──────── ENTRIES PROVIDED

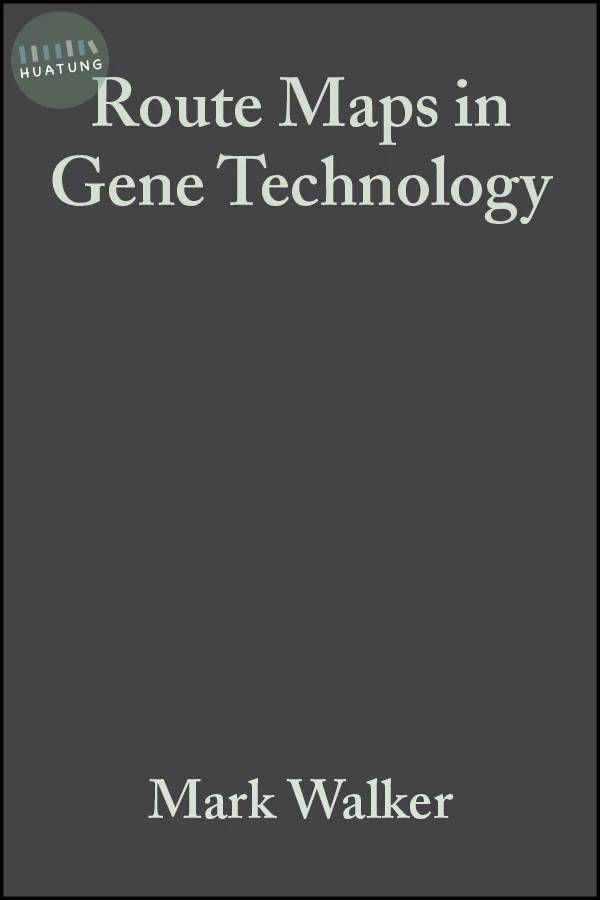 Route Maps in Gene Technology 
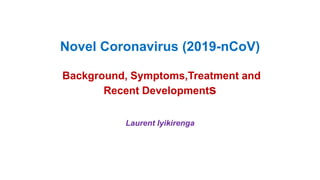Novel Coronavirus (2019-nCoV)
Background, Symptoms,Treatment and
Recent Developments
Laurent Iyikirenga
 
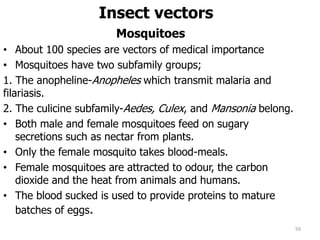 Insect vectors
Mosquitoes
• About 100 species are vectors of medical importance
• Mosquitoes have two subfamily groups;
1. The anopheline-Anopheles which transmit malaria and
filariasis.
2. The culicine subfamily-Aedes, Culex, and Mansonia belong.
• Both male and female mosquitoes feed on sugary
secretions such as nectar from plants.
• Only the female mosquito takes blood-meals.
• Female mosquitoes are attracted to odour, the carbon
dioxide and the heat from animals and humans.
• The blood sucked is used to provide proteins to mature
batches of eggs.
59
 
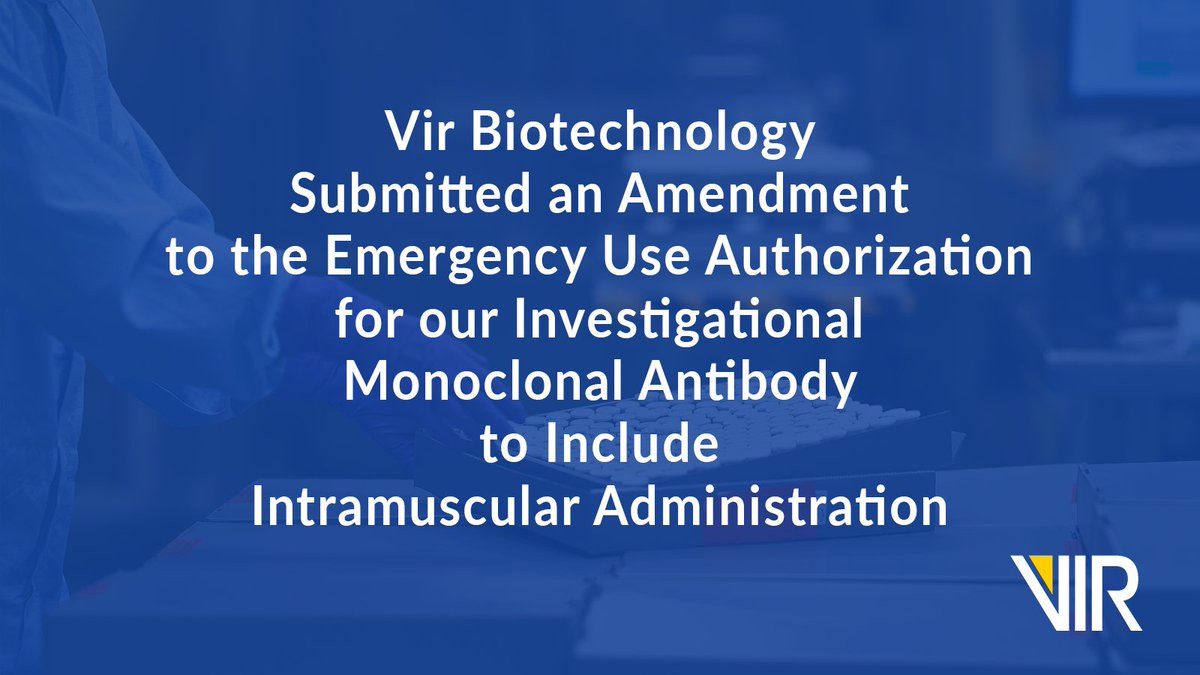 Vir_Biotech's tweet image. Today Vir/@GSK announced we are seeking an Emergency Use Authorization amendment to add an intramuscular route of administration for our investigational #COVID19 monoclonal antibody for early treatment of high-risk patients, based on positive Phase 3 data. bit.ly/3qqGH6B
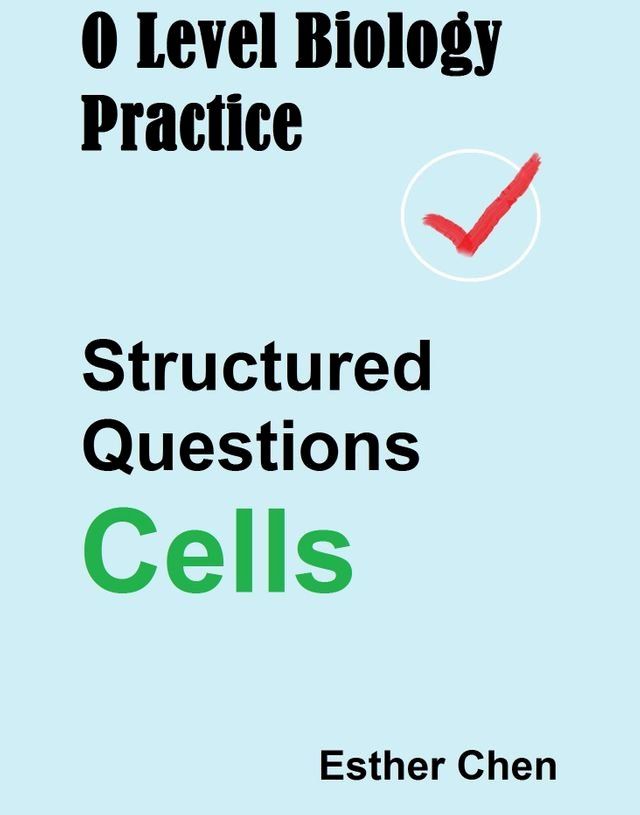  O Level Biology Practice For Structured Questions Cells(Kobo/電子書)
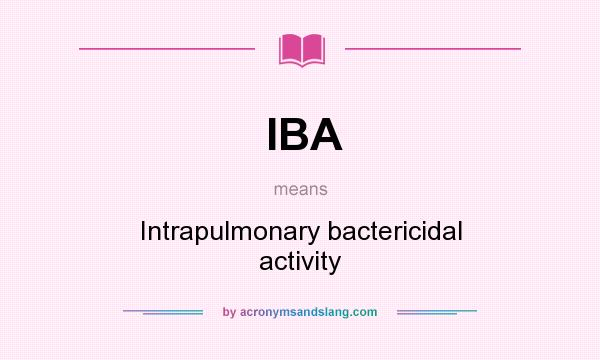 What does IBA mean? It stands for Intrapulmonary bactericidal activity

────────────────

-- TASK --
Skip the pictures. Return exactly the lines from the one containing "two subfamily groups;" through the end of the data above, both included, and nothing besides.

-- SOLUTION TO THE PROBLEM --
• Mosquitoes have two subfamily groups;
1. The anopheline-Anopheles which transmit malaria and
filariasis.
2. The culicine subfamily-Aedes, Culex, and Mansonia belong.
• Both male and female mosquitoes feed on sugary
secretions such as nectar from plants.
• Only the female mosquito takes blood-meals.
• Female mosquitoes are attracted to odour, the carbon
dioxide and the heat from animals and humans.
• The blood sucked is used to provide proteins to mature
batches of eggs.
59
 
 Vir_Biotech's tweet image. Today Vir/@GSK announced we are seeking an Emergency Use Authorization amendment to add an intramuscular route of administration for our investigational #COVID19 monoclonal antibody for early treatment of high-risk patients, based on positive Phase 3 data. bit.ly/3qqGH6B
  O Level Biology Practice For Structured Questions Cells(Kobo/電子書)
 What does IBA mean? It stands for Intrapulmonary bactericidal activity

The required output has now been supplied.